As things stand, too much money has leaked out of care to offshore tax havens. Care should always be about people, not profits. The report criticises the market-based system but then recommends largely leaving it in place with a bit more regulation. That is not Scottish Labour’s vision for a national care service. The amendment in my name makes it clear that a national care service has to be about delivering parity, with national standards that are delivered locally. We cannot have a system of centralisation that does not work for care visitor staff.
At the moment, the report holds only promise and requires further action. Nonetheless, it is a positive start and it is evidence of what the Parliament can achieve when there is the will to do so. I look forward to taking the matter forward, not just in the years come but through immediate action that must be taken now, including getting that pay rise to workers through the budget. If we can work together to achieve bold and radical change, we can have a national care service that is not just a title—not just words on a page—but that brings those to life and delivers better outcomes for service users and the workforce.

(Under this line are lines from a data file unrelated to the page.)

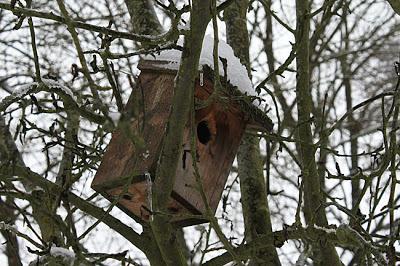 Il ne fait pas un temps à mettre un oiseau dehors !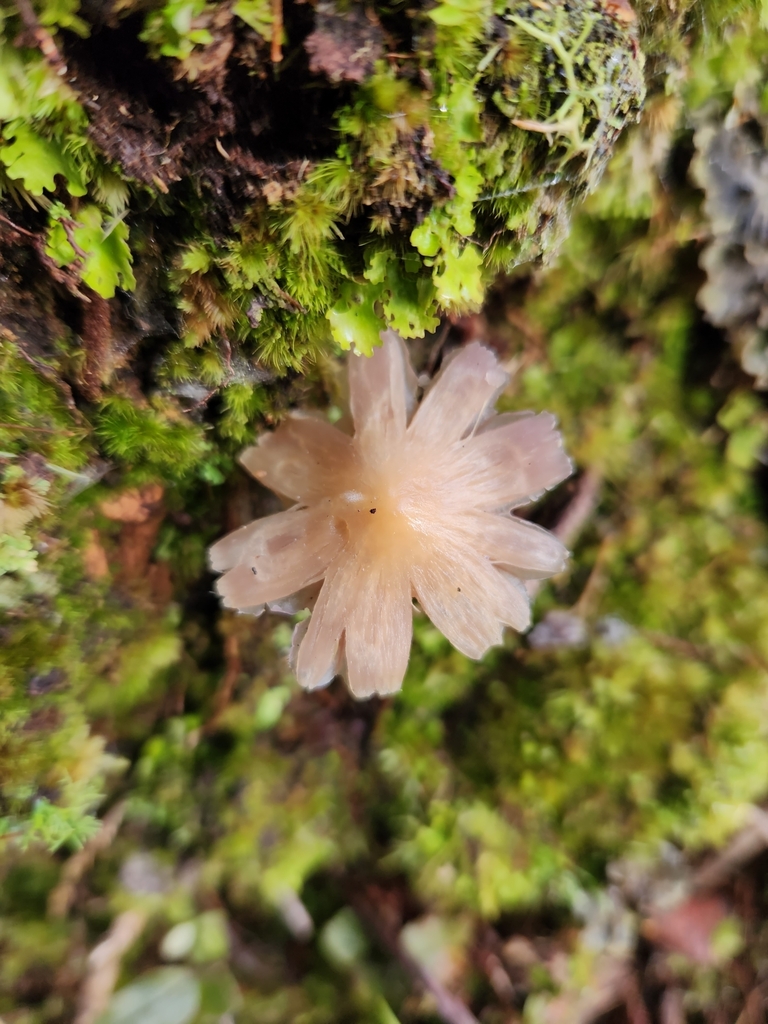 Humidicutis horakii · May 2025 · photo: © archie_tarn (iNaturalist, cc-by)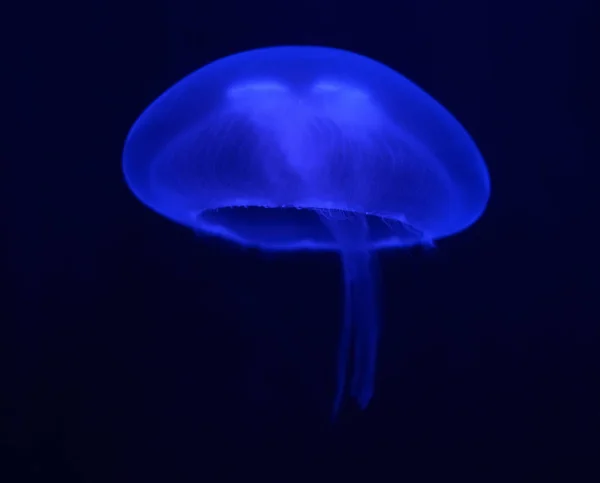 Medusas azules oscuras brillando en la oscuridad — Foto de Stock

I move amendment S5M-24134.3, to leave out from “provide national accountability” to end and insert:
“deliver national funding and consistent standards for care services which offer equal access, based on need not income, and facilitate improved outcomes for social care users across the nation; acknowledges the grave concern expressed by COSLA that the report’s recommendations could undermine local delivery of social care; agrees with local authority leaders that local democratic accountability for care services must be maintained; believes that the Scottish Government should demonstrate its commitment to support the social care workforce, and calls for a minimum £15 an hour social care pay package in the 2021-22 Scottish Budget.”